In 1996, Walmart told its top 100 suppliers to adopt Electronic Data Interchange or lose shelf space. Purchase orders, invoices, shipping notices — all structured as ANSI X12 documents, transmitted machine-to-machine, no human typing involved. By 2000, EDI handled over 80% of B2B commerce by transaction volume. The pattern was clear: when both sides of a data exchange agree on a schema, a human in the middle is overhead.
That pattern repeated across every boundary in the enterprise. CRM syncs with billing. Billing syncs with accounting. Payroll syncs with HRIS. Roy Fielding published his REST dissertation at UC Irvine in 2000, and within a decade every SaaS product with a database had an API. Machine-to-machine data exchange became the default.
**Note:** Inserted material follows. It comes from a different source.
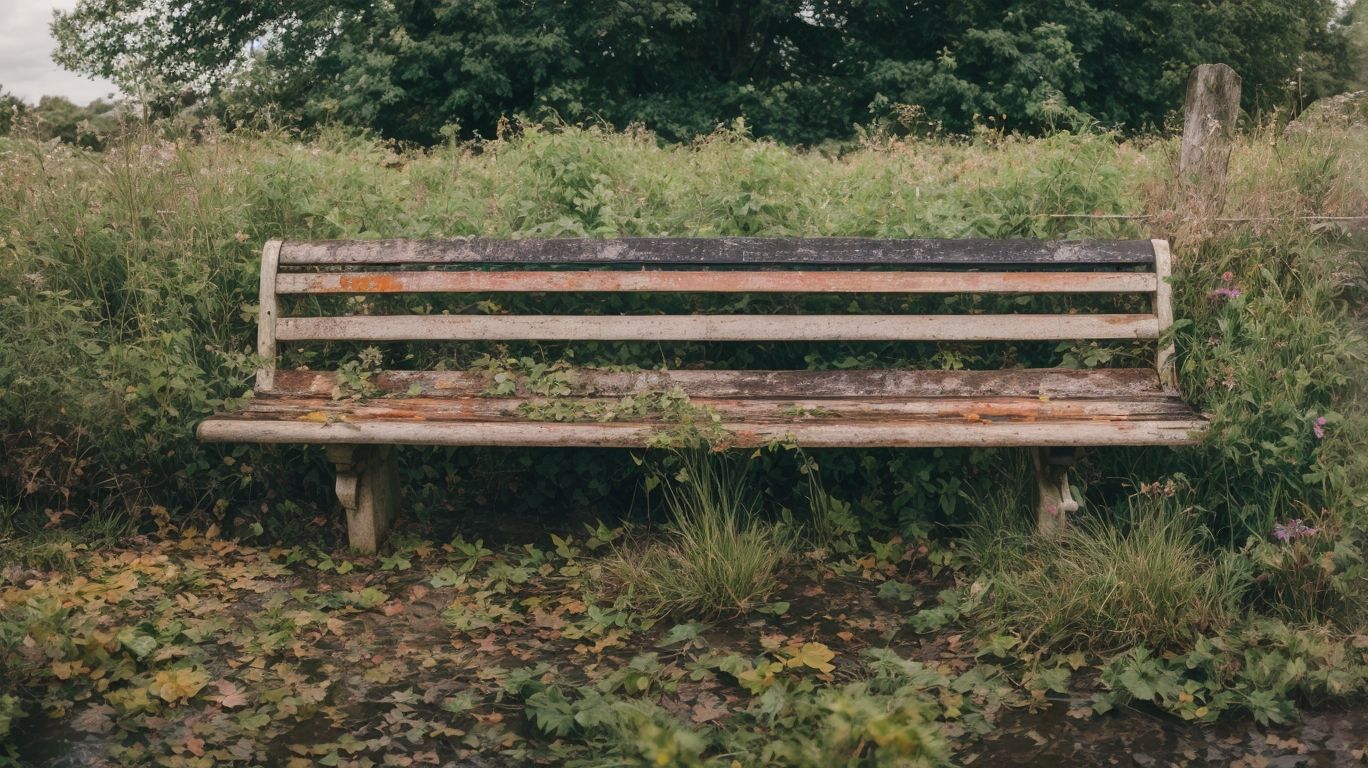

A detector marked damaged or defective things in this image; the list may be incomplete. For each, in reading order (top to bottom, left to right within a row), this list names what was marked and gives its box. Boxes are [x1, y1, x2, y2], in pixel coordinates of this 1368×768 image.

Manual entry became the exception — confined to the edges where structured schemas hadn't reached.
Automation eras · data exchange
The exception that lasted fifty years
Forms survived. Not because the technology was missing, but because the cognitive task they represent resisted automation. A purchase order has a fixed schema: item, quantity, price, ship-to address. A sprint retrospective asks “What would you change?” The answer depends on judgment. On context only the respondent holds. On the political subtext of a Slack thread from last Tuesday.
The form industry understood this. Typeform, Jotform, Google Forms, SurveyMonkey — they all invested in the creator experience. Drag-and-drop builders. Conditional logic. Branded themes. Zapier integrations. Forrester estimated the RPA market hit $2.9 billion by 2021, as companies automated screen-scraping for legacy systems that still lacked APIs. But the form itself — the interface where a human translates their knowledge into structured data — stayed manual.
This wasn't an oversight. It was a structural constraint. Automating a form requires two capabilities: access to the respondent's context (tickets, messages, docs, code), and the ability to exercise judgment about what matters. Machines had neither. RPA bots could click buttons, but they couldn't decide what to write in a text field. APIs could transfer data, but only when both sides agreed on a fixed schema. Forms sit at the boundary between structured output and unstructured reasoning — and nothing could cross that boundary until recently.
The missing consumer
Zapier's “State of Business Automation” reports have tracked this gap for years. Their 2023 survey found that 94% of knowledge workers perform repetitive tasks, and form-filling ranked among the top five. The tools existed to automate workflows around forms — trigger when a submission arrives, route responses to Slack, sync fields to Airtable. But the submission itself was always manual. The respondent stared at a blank textarea and typed from memory.
What changed isn't the form. It's that the respondent now has a collaborator. Claude, ChatGPT, Gemini — assistants that have read the respondent's recent context and can draft answers grounded in what actually happened. The assistant doesn't replace the respondent. It does the retrieval (synthesize two weeks of tickets and threads into a coherent answer) while the respondent does the judgment (read the draft, correct the emphasis, fix the tone).
This division of labor didn't exist in 2020. It barely existed in 2024. By late 2025 it was routine for anyone with an assistant — and McKinsey's 2024 “State of AI” survey found that 65% of organizations were already using generative AI regularly, nearly double the rate from ten months prior.
The form as API
Once the respondent has an assistant capable of filling a form, the architecture question changes. The form is no longer just a UI for humans. It's a data-collection endpoint with two consumers: browsers and agents.
That's the shift. For fifty years, forms had one consumer. Now they have two. And designing for both consumers simultaneously is a different problem than designing for either one alone.
Architecture · one endpoint, two consumers
The HTTP mechanism is old. Content negotiation dates to RFC 2616 in 1997. What's new is that there's a second consumer worth negotiating with. A browser requests HTML and gets a rendered form. An agent requests JSON and gets a structured spec — fields, types, constraints, submit endpoint. Same URL. Same data contract. The consumer decides the format.
No SDK. No browser extension. No plugin. The agent reads a JSON spec, drafts answers from the respondent's context, and submits structured data. The respondent reviews the draft before it goes. The form sender gets a structured response either way — they don't need to know which side typed it.
What this means for form senders
The immediate consequence is practical: response quality improves because the cognitive task changes. Respondents who hand a form to their assistant get drafted answers with dates, names, and specifics instead of “fine.” They review and edit instead of reconstructing from memory. The responses contain signal because the retrieval step — the hard part — is no longer a memory test.
The longer consequence is structural. Forms stop being a special case in the automation stack. Every other data-exchange boundary has an API. Purchase orders have X12. Billing has REST endpoints. CRM has webhooks. Forms have had a textarea and a deadline.
That exception is ending. The last manual API is becoming an actual API — one that humans can also use.